El trabajo es un don de Dios, un gran bien para el hombre, aunque lleve consigo «el signo de un bien arduum, según la terminología de Santo Tomás (...). Y es no sólo un bien útil o para disfrutar, sino un bien digno, es decir, que corresponde a la dignidad del hombre, un bien que expresa esta dignidad y la aumenta». Una vida sin trabajo se corrompe, y en el trabajo el hombre «se hace más hombre», más digno y más noble, si lo lleva a cabo como Dios quiere.
El trabajo es consecuencia del mandato de dominar la tierra dado por Dios a la humanidad, que se volvió penoso por el pecado original, pero que constituye el «quicio de nuestra santidad y el medio sobrenatural y humano apto para que llevemos con nosotros a Cristo y hagamos el bien a todos». Es como la columna vertebral del hombre, en la que se sostiene su vida entera, y medio a través del cual hemos de alcanzar la propia santidad y la de los demás. Un descentramiento en el trabajo ordinario, en el quehacer profesional, puede repercutir en toda la vida del hombre; también en sus relaciones con Dios. Por esto, comprendemos bien los males que llevan consigo la pereza, el trabajo mal hecho, la chapuza, las tareas a medio terminar... «El hierro que yace ocioso, consumido por la herrumbre, se torna blando e inútil; mas si se lo emplea en el trabajo, es mucho más útil y hermoso y apenas si le va en zaga por su brillo a la misma plata. La tierra que se deja baldía no produce nada sano, sino malas hierbas, cardos y espinas y árboles infructuosos; mas la que goza de cultivo se corona de suaves frutos. Y, para decirlo en una palabra, todo ser se corrompe por la ociosidad y se mejora por la operación que le es propia»; el hombre, por su trabajo.

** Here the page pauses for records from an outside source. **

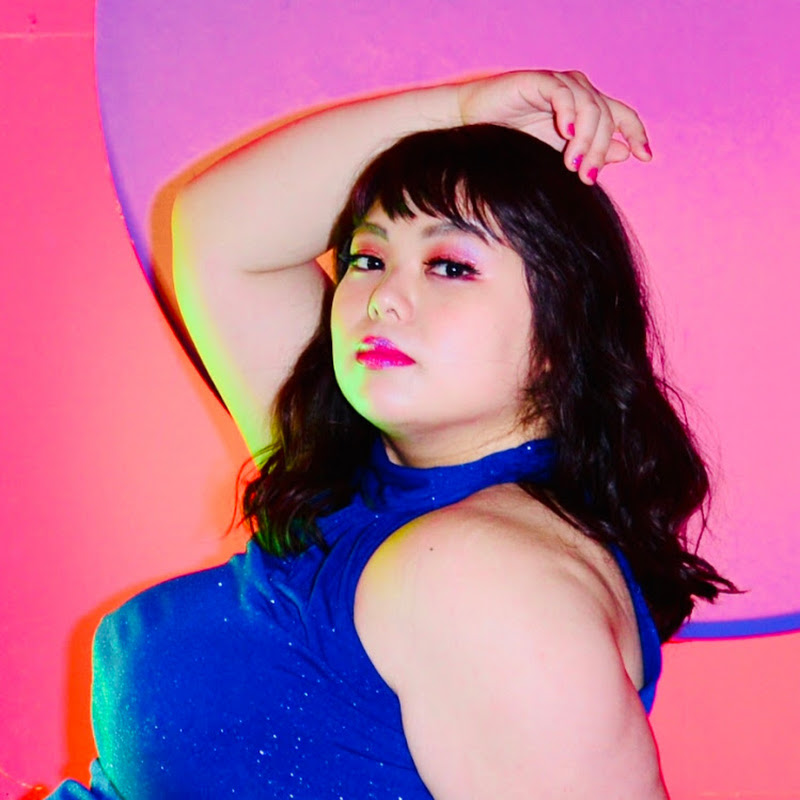 AIMOMOKA 【桃果愛】PLUSSIZEMODEL - 網紅的藏寶箱 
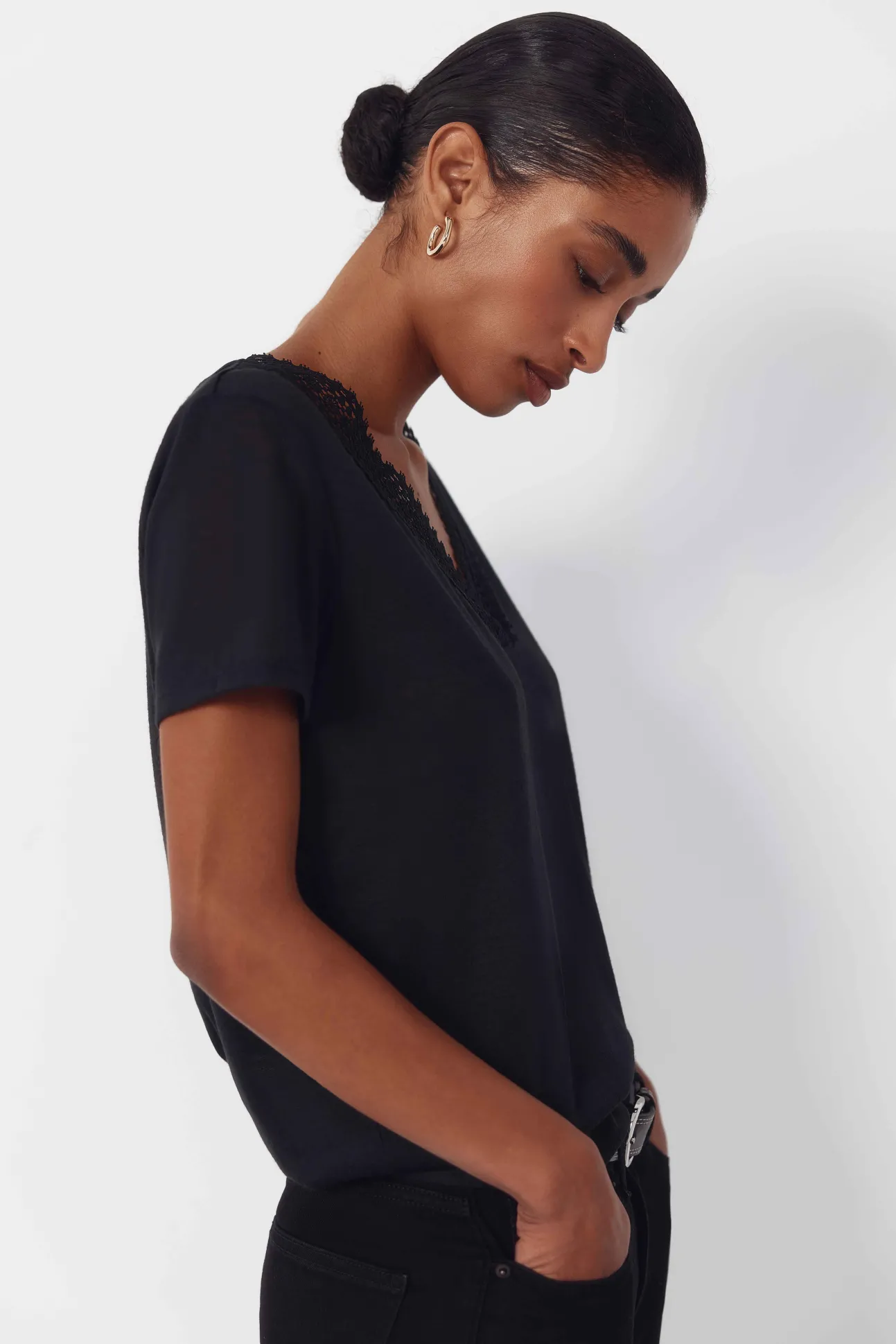 Camiseta com bico e enfeites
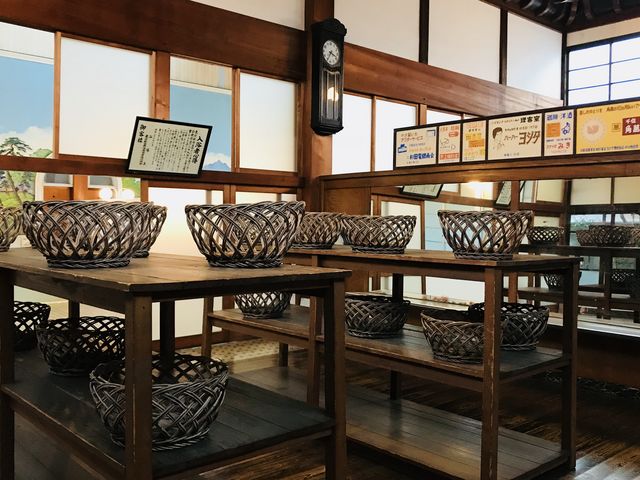 【江戸東京たてもの園〜子宝湯】脱衣所_子宝湯(江戸東京たてもの園)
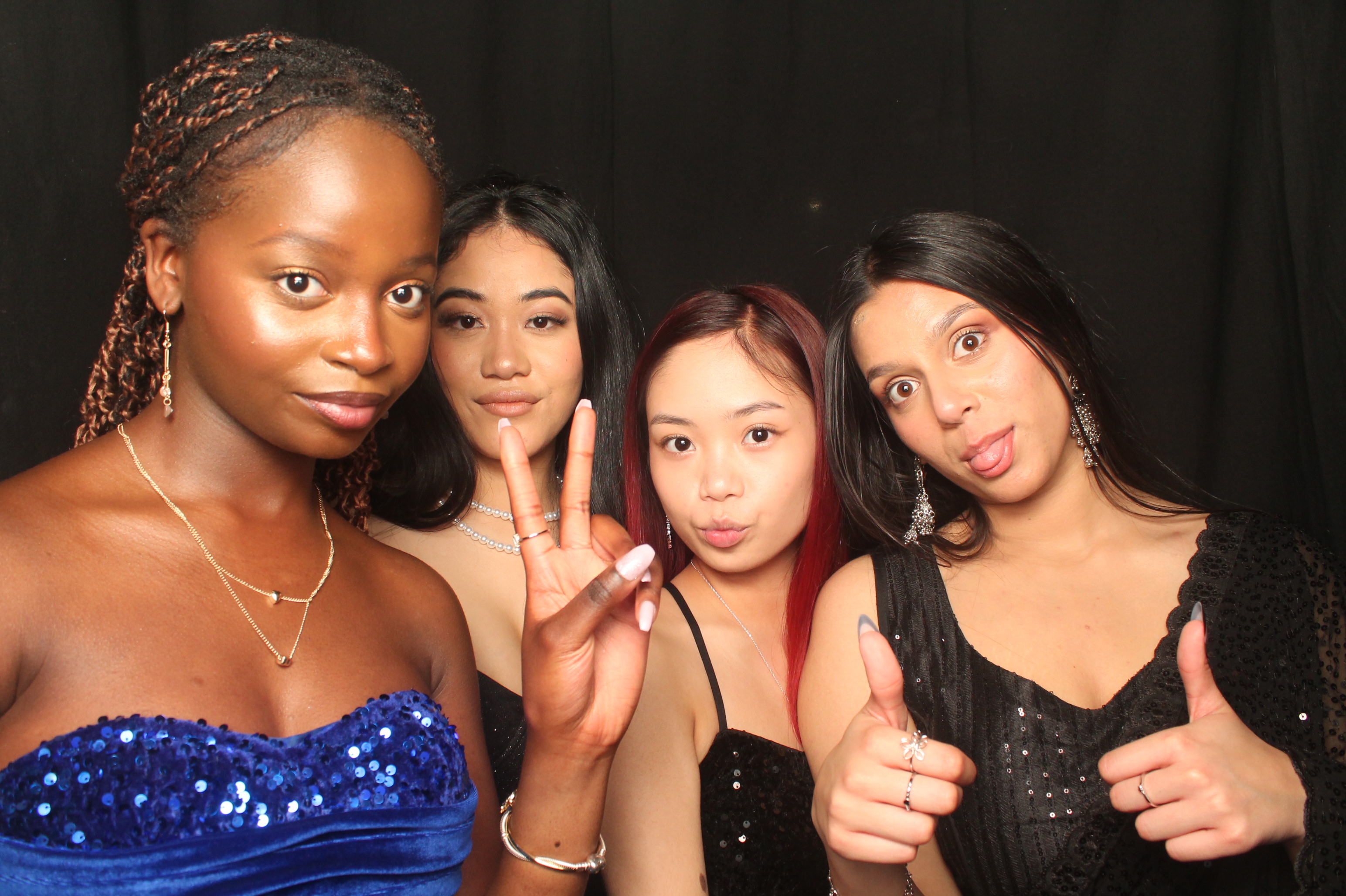 Hutt Valley High School Ball - Booth One | View more photos from the event at wgtngallery.classicphotobooths.co.nz/u/wgtncpbgallery/Hutt-Valley-High-School-Ball-Booth-One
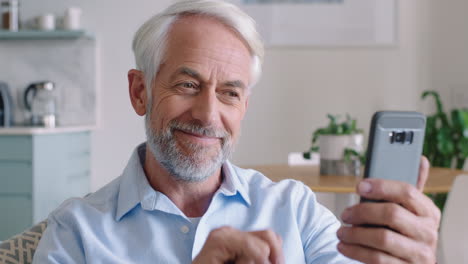 Gehörloser-Mann-Beim-Video-Chat,-Smartphone-In-Gebärdensprache-Haltend,-Großvater-Winkt-Und-Genießt-Die-Verbindung-Beim-Chatten-Auf-Dem-Mobiltelefon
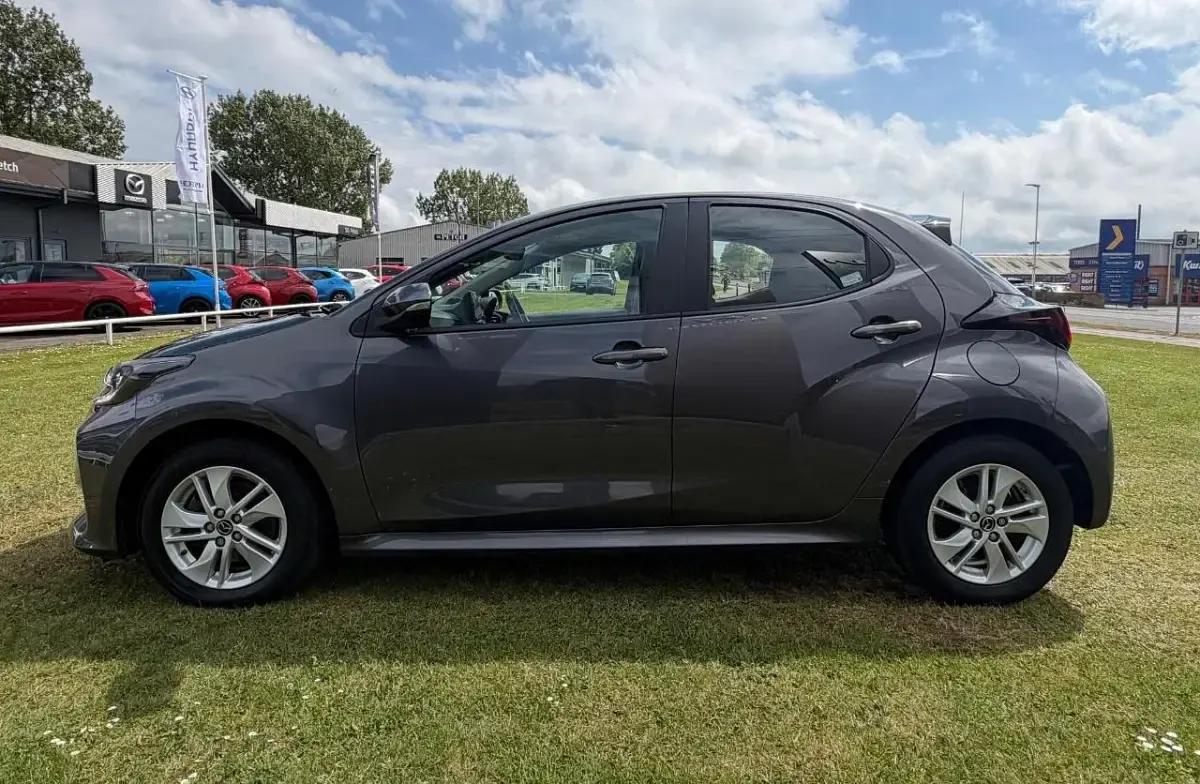 Used Mazda 2 114 HP (83 kW) 2023 Grey Hatchback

San Pablo, como leemos en la Primera lectura de la Misa, señala a los primeros cristianos de Tesalónica su manera de comportarse con ellos, mientras les predicaba la Buena Nueva de Jesús: Recordad -les dice- nuestros esfuerzos y fatigas; trabajando día y noche para no serle gravoso a nadie... . Y más tarde, en la segunda Carta: Ya sabéis cómo tenéis que imitar mi ejemplo: no viví entre vosotros sin trabajar, nadie me dio de balde el pan que comí, sino que trabajé y me cansé día y noche, a fin de no ser carga para nadie. El Espíritu Santo, con este ejemplo, nos ha inculcado un principio práctico bien claro a seguir: el que no trabaje, que no coma.
Hoy, en nuestra oración serena y sosegada, hemos de tener presente que este mismo espíritu de laboriosidad, de trabajo intenso, que se vivió entre los primeros cristianos, lo espera también el Señor de nosotros. Uno de los escritos más antiguos nos ha dejado este admirable testimonio: «Todo el que llegue a vosotros en nombre del Señor, sea recibido; luego, examinándole, le conoceréis (...). Si el que llega es un caminante, no permanecerá entre vosotros más de dos días o, si hubiera necesidad, tres. Pero si quiere establecerse entre vosotros, teniendo un oficio, que trabaje y así se alimente. Mas si no tiene oficio, proveed según vuestra prudencia, de modo que no viva entre vosotros ningún cristiano ocioso. Si no quiere hacerlo así, es un traficante de Cristo; estad alerta contra los tales».